As shown in the source code above, the ReadCONTACTS()method is called to send the link to the malicious apk file to all contacts. Below is a detailed analysis of the ReadCONTACTS()method:


WelcomeActivity.this.phoneString is the phone number of the entry in the contact list, and WelcomeActivity.this.nameString is the contact name of the entry.


Fig. 3. The abnormal SMS traffic detected by the FireEye MTP platform

Individuals who are a member of the victim’s contact list will then receive a copy of the link to the malicious apk. Assuming the individual receives the text, downloads the file, opens the file and side loads the APK file into the phone, the individual will then spread the malware to other individuals who are in the their contact list. It’s important to note that these methods for downloading apps are common in many regions where Google Play is not the dominant Android app market.

While sending the SMS, the malware starts the MainActivity, popping up a window to install the trojan SMS uploader embedded in the XXShenqi app – . The message reads: Please install the installation package which has been included into the app. The installation can be done by clicking the install button.  After the install button is clicked, the trojan SMS sender will be installed on the device and run in the background because it kills its processes once the job is done.


Fig. 4. The pop up window asking for permission to install the embedded malware

The malware then shows the two pages depicted in Fig. 5: the login page and the registration page.
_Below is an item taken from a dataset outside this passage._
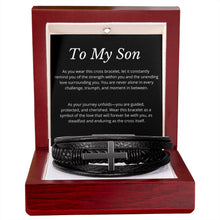 Load image into Gallery viewer, &quot;To My Son&quot; Men&#39;s Cross Bracelet
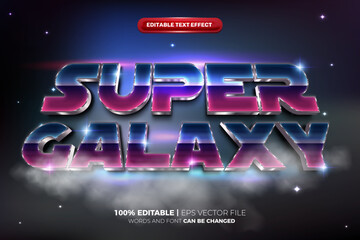 Esport super galaxy glow cartoon movies Bold 3D Editable text Effect Style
The login page asks for the username and password and has two buttons: login and register.

If the user clicks register, a registration page opens, as shown in the right picture of Fig. 5, requesting a username, password, citizen ID number, and their real name. The bottom button is the register button.


Fig. 5. The login page (Left) and the registration page (Right) of XXShenqi

Usernames for either of the pages are not connected to any real services. The registration page does however verify the citizen ID number by checking the format, the length, and the inherent coding of the number. A random number of “1234567890” will trigger a pop up of Please input the correct citizen ID number, as shown on the bottom right of Fig. 5.

After inputting an acceptable citizen ID number, as shown in the left picture of Fig. 6, and clicking the register button, a pop up of Successful registration! is displayed at the bottom, as shown on the right picture of Fig. 6.


Fig. 6. The malware checks the format, the length and the inherent coding of the 18-digit citizen ID number in the registration page (Left) before showing successful registration! (Right)

As demonstrated in the code snippet below, the credentials do not attempt to log into any accounts.


In the code, if the log in is successful, it just shows being verified; please wait… and wrong password, or username doesn’t exist. The two toasts are shown at the bottom of both screenshots in Fig. 7:


Fig. 7. The fake pages of verification (Left) and the error message of wrong password or the account doesn’t exist. (Right)

While the Android user is distracted by the login and registration pages, in the MainActivity class, a subclass of BroadcastReceiver called MyReceiver is started. The MyReceiver class is to start the to send SMS messages to the hacker.

As shown in the source code below, it sends the SMS to an email address and kills its process after completing so that neither thread is seen from the Android system setting tab, nor is the icon shown in the home screen of the phone.




Fig. 8. More abnormal SMS traffic in the embedded malware as detected by the FireEye MTP platform

Even when the hacker was finally identified and detained, the only way that authorities could stop the exponential expansion of infected users was by removing the app from its web hosting service. Yet the malware can easily be resurrected when repackaged and hosted in numerous cloud storage services. As few security mechanisms and detection capabilities exist for mobile malware, it’s easy to see why 20 million SMS were sent and 100,000 users were infected in only a few days.

Another reason for the spread is the social engineering aspect of smartphones where individuals tend to trust the links sent by someone on their contact lists. This is particularly true as we do share links containing pictures or even executable files over the SMS to groups from time to time.

Finally, many individuals believe that they cannot get malware on their devices still. This lowers the guard for the individual using the phone, making them more likely to click on a random link. Individuals should be educated that unexpected links such as bargain recommendation or prize information may be not only harmless tricks but also malicious phishing attempts. Even if the device in question is just smart phone or tablet, the same precautions that are taken on a PC should be the same as those on a mobile device.

Prediction of Further SMS Phishing Attacks:

FireEye analysis of this series of SMS phishing and sending malware that infected over 100,000 users in China and charged $500,000 SMS fees in a few days could continue to expand exponentially even though the hacker has been detained.

The growth rate of this SMS phishing malware reveals the fact that such app can be developed easily and spread epidemically in the future. Although the Android OS has received certain fixes to its wide open permissions for reading and sending SMS in KitKat, malware can still send out SMS in those versions, meaning the newer versions of Android can’t prevent the prevalence of such malware.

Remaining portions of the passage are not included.